America’s obsession with the Harlem Globetrotters in the 70’s and 80’s knew no bounds. I feel as though children didn’t really respond to the Trotters, but rather were force-fed them like a grandmother insisting you eat some hard candy. Anyway, the Globetrotters had a Hanna-Barbera cartoon from 1970-73. Unlike Pro Stars, the Globetrotters did their own voice work. They also had a cartoon dog named Dribbles, but that’s neither here nor there.

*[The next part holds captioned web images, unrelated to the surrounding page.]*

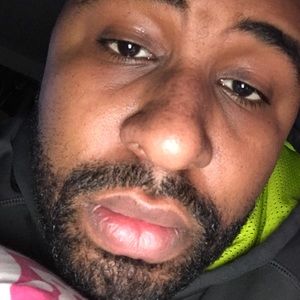 Meet your Posher, Kenneth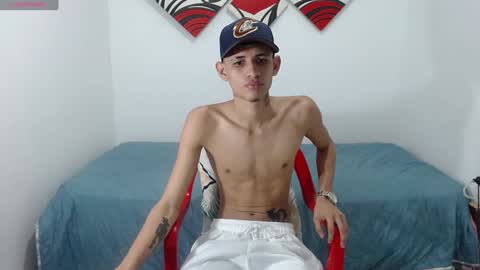 Snapshot of halan_demon chatting on December 21, 11:01 am halan_demon online show from December 21, 11:01 am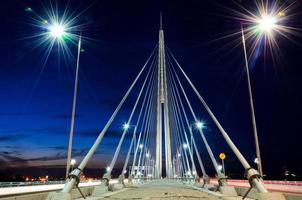 Brücke in der Nacht foto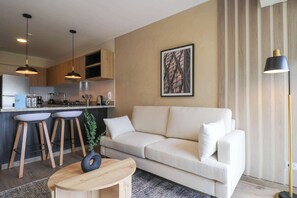 TV, studio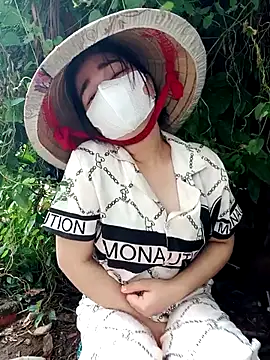 EnzxMoon02 online show from May 6, 2026, 6:28 am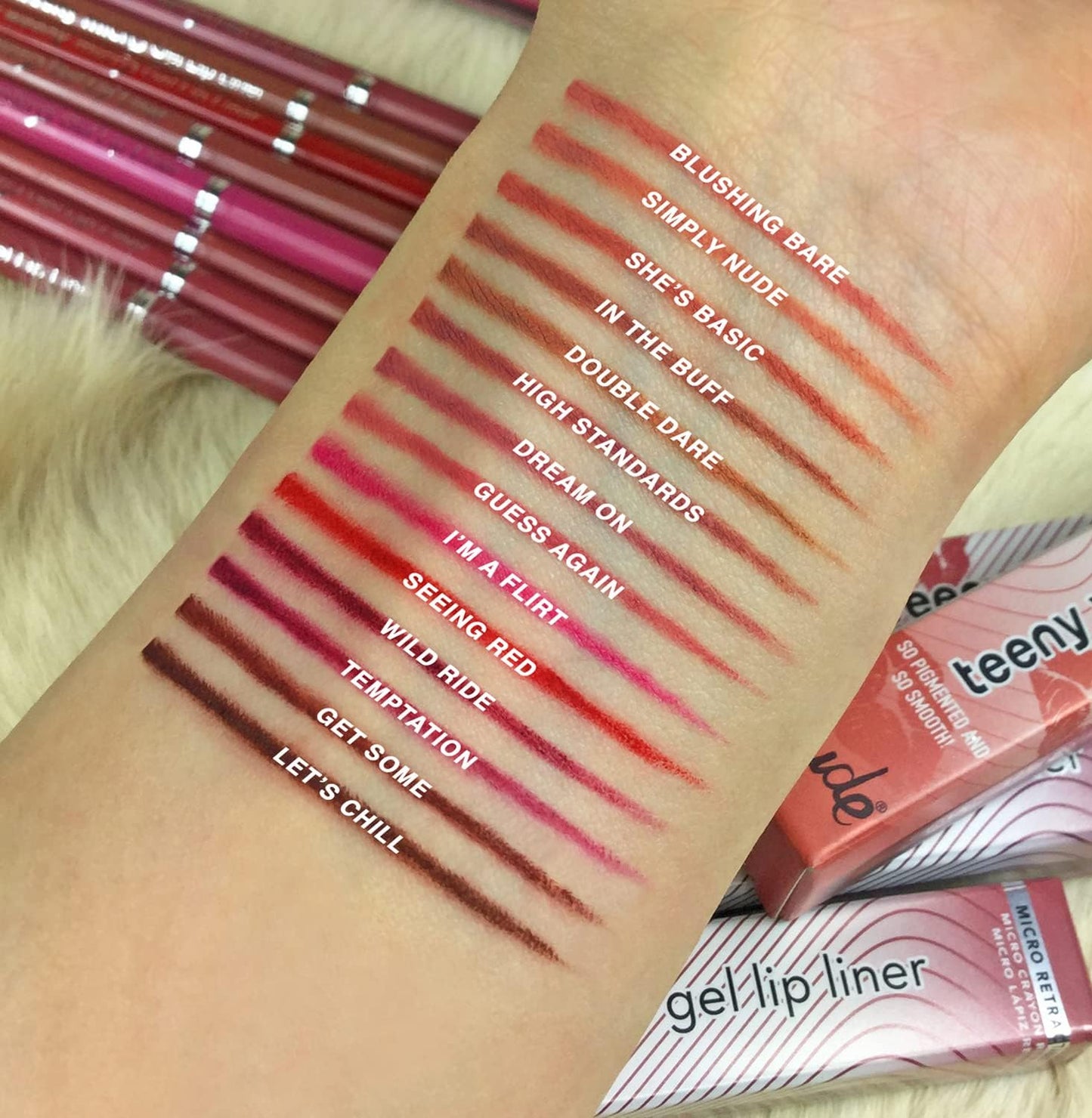 - Micro Gel Lip Liner | Precise and Defined Application | Versatile Shade for All Skin Tones | Ideal for Carrying in Your Purse, She'S Basic, 1 Unit (Pack of 1)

This cartoon was remarkably one-note in that the gang would travel around, get in a conflict with some ne-er-do-wells, then propose to settle the conflict with a basketball game. Going forward, if you’re going to slight the Harlem Globetrotters, and they seek redress, AGREE TO PARTICIPATE IN ANY EVENT OTHER THAN BASKETBALL. They are professional basketball players. You are not.

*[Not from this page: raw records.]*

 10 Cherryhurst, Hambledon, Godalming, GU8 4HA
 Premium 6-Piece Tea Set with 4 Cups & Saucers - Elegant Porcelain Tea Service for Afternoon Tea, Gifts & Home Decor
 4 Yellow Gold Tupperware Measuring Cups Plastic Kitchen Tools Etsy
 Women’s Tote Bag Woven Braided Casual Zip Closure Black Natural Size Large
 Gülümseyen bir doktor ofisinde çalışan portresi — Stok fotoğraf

Chuck Norris Karate Kommandos
I’m not sure what made them go with the “K” in “Kommandos.” I mean, it’s already an alliterative title, so the only it would make sense is if Norris had a last name that started with “K,” but that would look really racist, so it’s pretty inexplicable as to what happened here.
Karate Kommandos aired only five episodes as something of a “cartoon mini-series,” which is a really odd concept for something as lowbrow as a Chuck Norris cartoon. Once again, the show opened up with a live-action scene featuring Norris, then a cartoon, then closed with him teaching us a moral. The 1980’s was not a time for innovation, people.
This show came at the height of NKOTB’s popularity, which means that it could be as crappy as possible and still be a relatively popular show. Like Pro Stars, this show used the actual New Kids in an opening live-action segment, then used voice actors to play the cartoon versions of themselves. Children, devastated that they weren’t hearing the real Jonathan Knight’s voice, voted with their remotes, and the show was cancelled after one season.